你所提出的对精神分析与其他医疗领域的特殊情况的对比,尽管想要安慰我,但却是不合适的。医疗院校对于外科医生、眼科医生等都提供了继续深造的机会,而精神分析培训机构则数量少,建的晚,不具权威性。医疗院校不承认它们,也不注意它们。对于那些已取信于老师而没有机会训练其判断力的医生们,他们将乐意抓住任何一个机遇,在这片还没被权威认可的领域内发挥重要作用。

还有些事情有助于使一些医生看起来像分析治疗的庸医。如某人想做一个没有充分准备的眼科手术,哪怕只是摘除白内障和虹膜切除的小手术的失败,或缺少病人,都足以使他带有风险的事业走到尽头。而精神分析的实践相对安全多了。公众是被眼科手术的平均成功率所迷惑,所以希望通过眼科手术治愈眼疾。但如果一个神经症专家没能治愈他的病人,那么没人会感到奇怪。人们并没有被神经症治疗的成功所迷失。确实,神经症专家也遇到不少麻烦,目前我们并不能做得尽如人意,但相信自然与时间都会帮助我们,就像妇女的初潮、结婚、停经、最后死亡会帮助她们解决一切。此外,医疗界的分析者对他们的病人所做的工作十分不显著,以至于还没有引起人们的指责。分析者没有使用仪器和药品,他们仅仅通过交谈把患者引入或引出某种境地。这样做确实毫无坏处,特别是他避免触及那些悲惨的或令人担忧的话题。那些没受到任何严格训练的精神分析者,无疑将不会放弃任何促进分析的机会来拔掉毒牙使病人愉快。然而懂得机敏地适可而止,才是明智的做法,因为如他真的冒险唤起了患者的不满,却又不晓得怎样应付,那他真的是希望自己名声扫地了。

诚实使我承认,一个未经训练的精神分析者对病人的行为确实要比一个技术生疏的外科医生有更小的危害,它带给病人的危害仅仅局限于带给患者——无用的花销或使他们康复的希望减少。这也是精神分析疗法的名声一直被贬低的原因。它是令人不快的,但危险性还远不如庸医手中的手术刀。在我看来,病情的严重和长期恶化,都不足以使一个无技术的精神分析者惧怕。过不了多久,这些不遂人愿的反应都会消失。跟那些引起疾病的生活中的创伤相比,医生在治疗过程中犯的一点小错误根本算不了什么。一种不适合的治疗方法只是不会带给病人什么好处罢了。
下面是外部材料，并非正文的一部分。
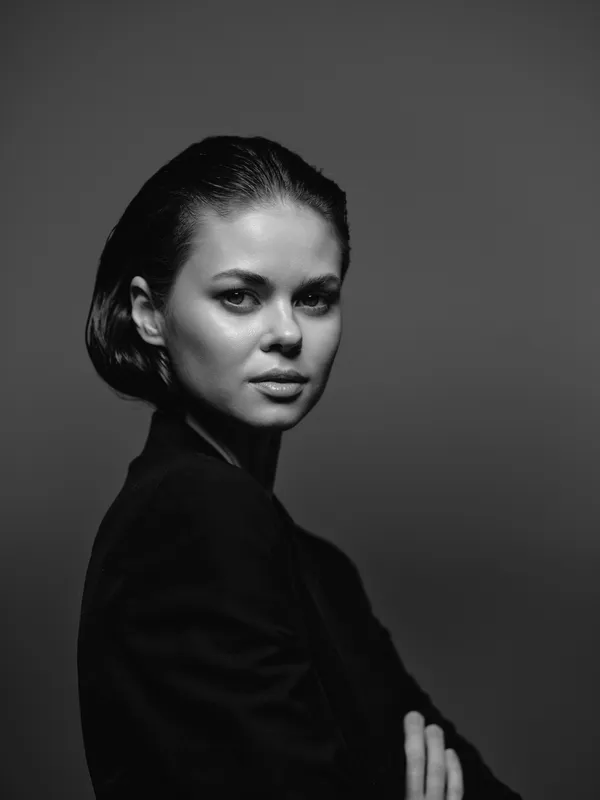 Black and white portrait of a serious woman with short hair in a dark outfit against a studio background.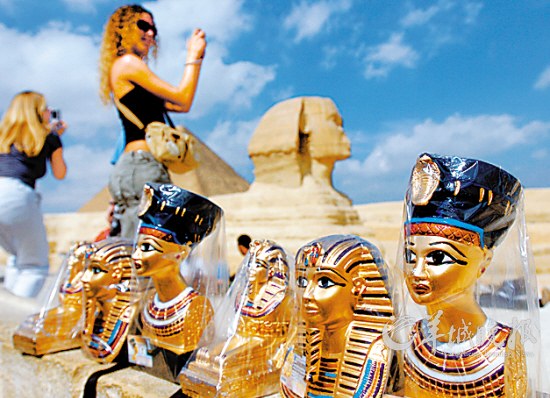 游客在埃及首都开罗郊区观看吉萨金字塔群和狮身人面像　　蔺以光 摄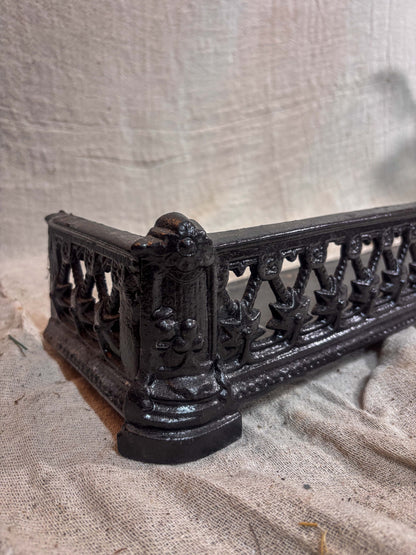 Decorative black metal fireplace fender on a textured beige background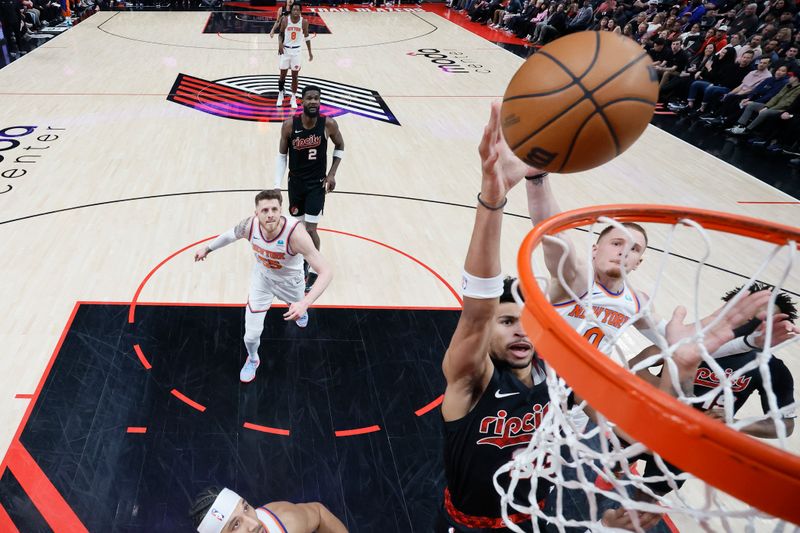 PORTLAND, OREGON - MARCH 14: Toumani Camara #33 (L) of the Portland Trail Blazers shoots the ball against Donte DiVincenzo #0 of the New York Knicks during the first half at Moda Center on March 14, 2024 in Portland, Oregon. NOTE TO USER: User expressly acknowledges and agrees that, by downloading and or using this photograph, User is consenting to the terms and conditions of the Getty Images License Agreement.  (Photo by Soobum Im/Getty Images)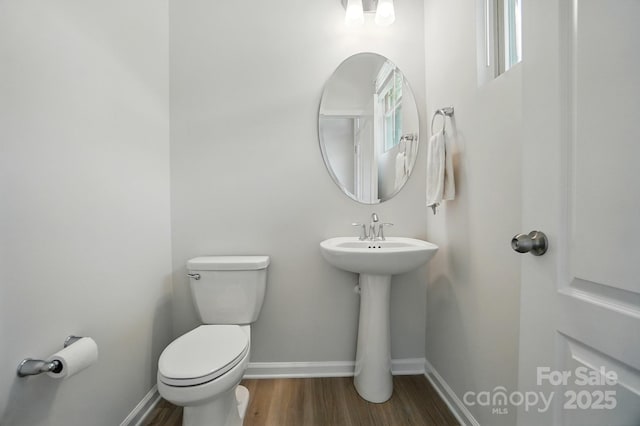 5334 Orchid Bloom Dr, Fort Mill, SC 29707 - bathroom with wood finished floors, toilet, baseboards, and a sink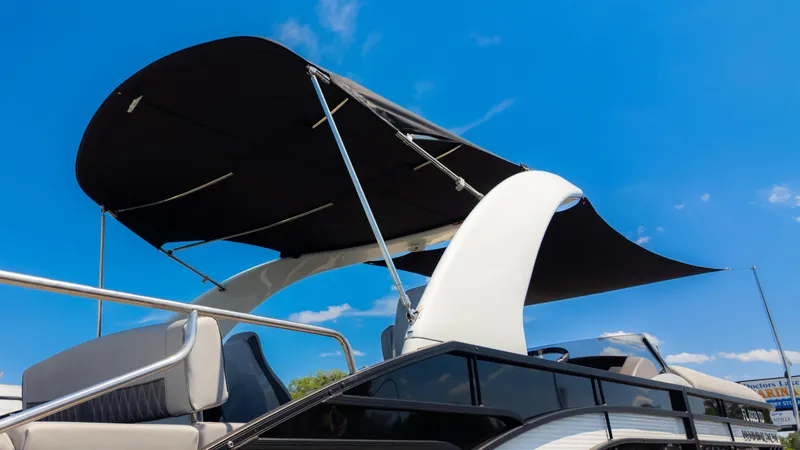 Slide: The Image of 2022 Bennington 24 LXSBA boat with canopy against clear blue sky. - 33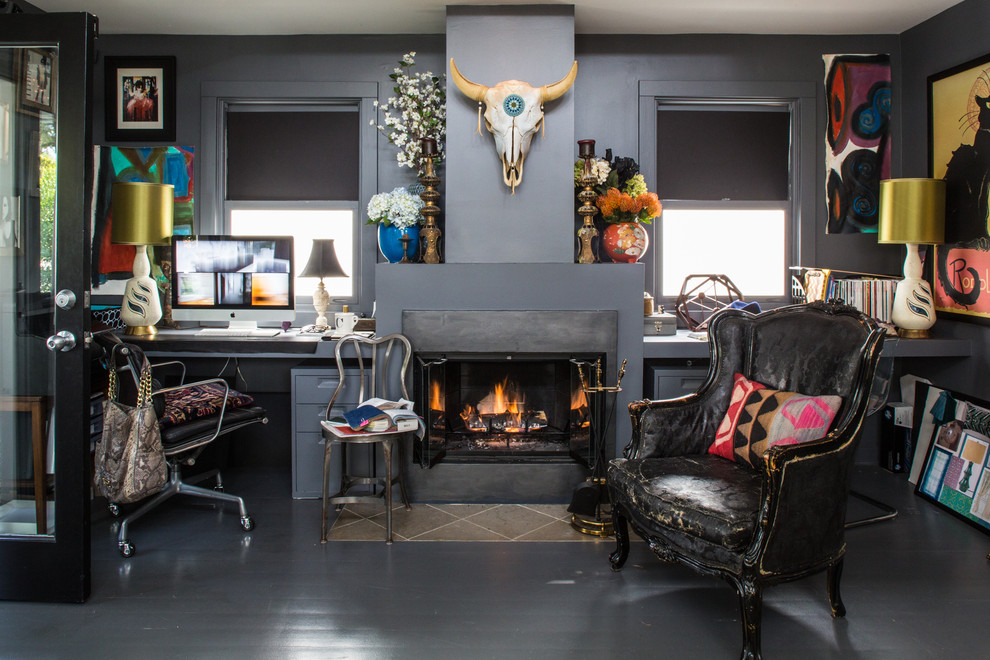 Mid-sized eclectic study room in Los Angeles with grey walls, painted wood floors, a standard fireplace, a built-in desk and a plaster fireplace surround.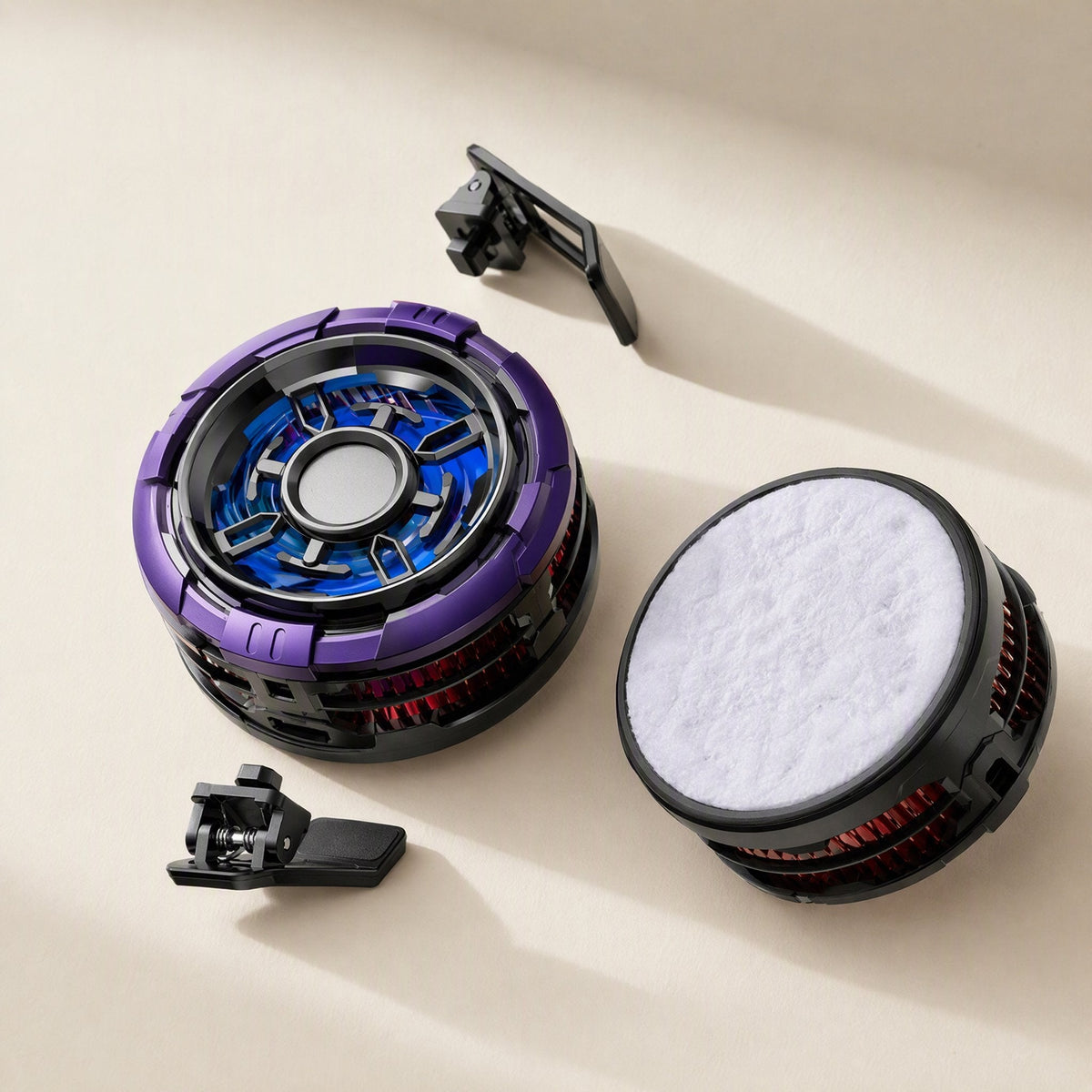 Coolflow – Purple and black cooler with blue fan, plus a detached clip and a cooling pad with white plush cover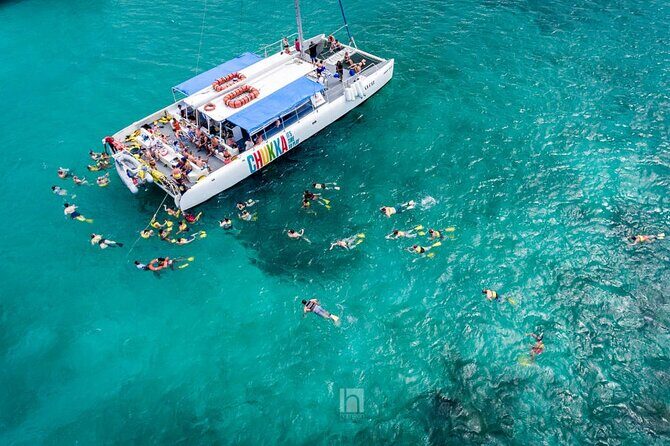 Catamaran Party Cruise and Snorkeling from Montego Bay - What You Get Onboard: Open Bar, Snacks, and DJ Energy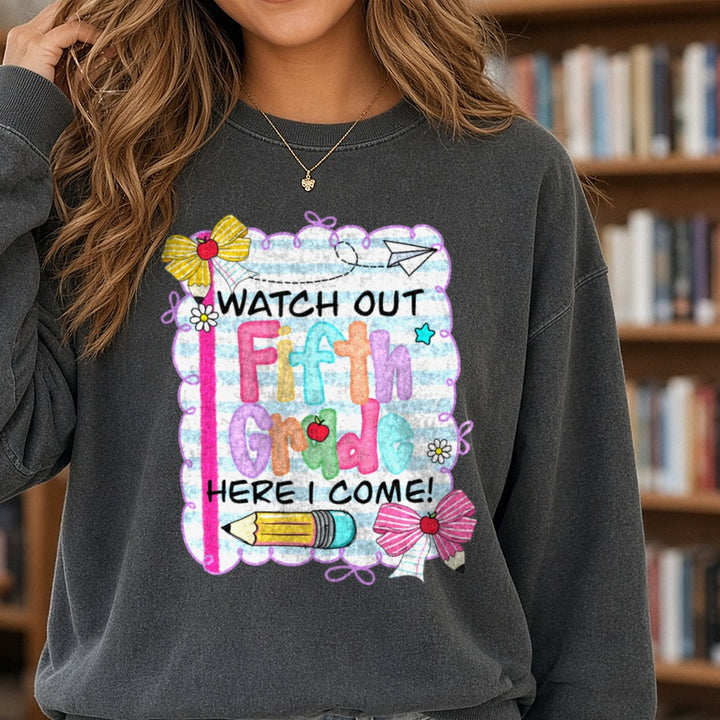 Back to School Teacher Watch Out Fifth Grade DTF transfer shown on a Comfort Colors sweatshirt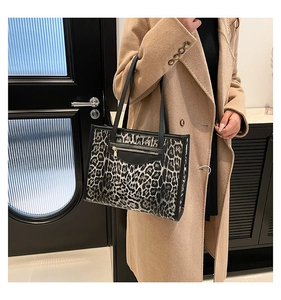 Leopard print tote bag worn with a camel coat showing large capacity and zipper detail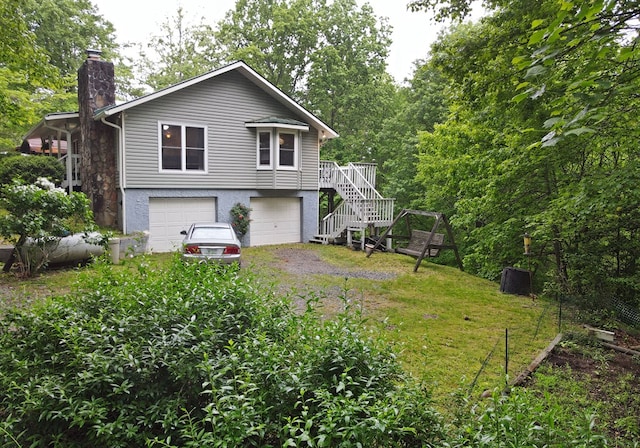 back of property with stairs, a chimney, an attached garage, and driveway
“我已经倾听了你关于庸医的分析,并没有打断你。但我形成了这样的印象,你被对医生这个职业的敌意所控制着,而你对医生职业刚刚做了历史性的阐述。但是我要提出一点:如果要进行精神分析的话,那么必须经过严格培训的人才行。难道你不认为,随着时间的推移,着手进行分析的医生会尽全力去获得培训吗?”

我认为并非如此。只要医学院校对精神分析机构的态度不转变,医生就会发现敷衍了事的诱惑力是极强的。

“看来你不断在回避对由外行人进行精神分析这个问题发表直接看法。我猜想,由于不可能禁止每位想从事分析的人去进行分析,所以出于报复——你建议以剥夺医生在分析界的垄断,通过把分析治疗技术向外行人开放来惩罚他们。”

我说不准你是否已准确地猜到我的动机,或许过会儿我可以向你提供一些更为公正观点的证据。但我仍强调:没经过特殊训练的任何人无权进行精神分析,然而他是不是医生,我都觉得无所谓。

“那你能提出什么明确建议吗?”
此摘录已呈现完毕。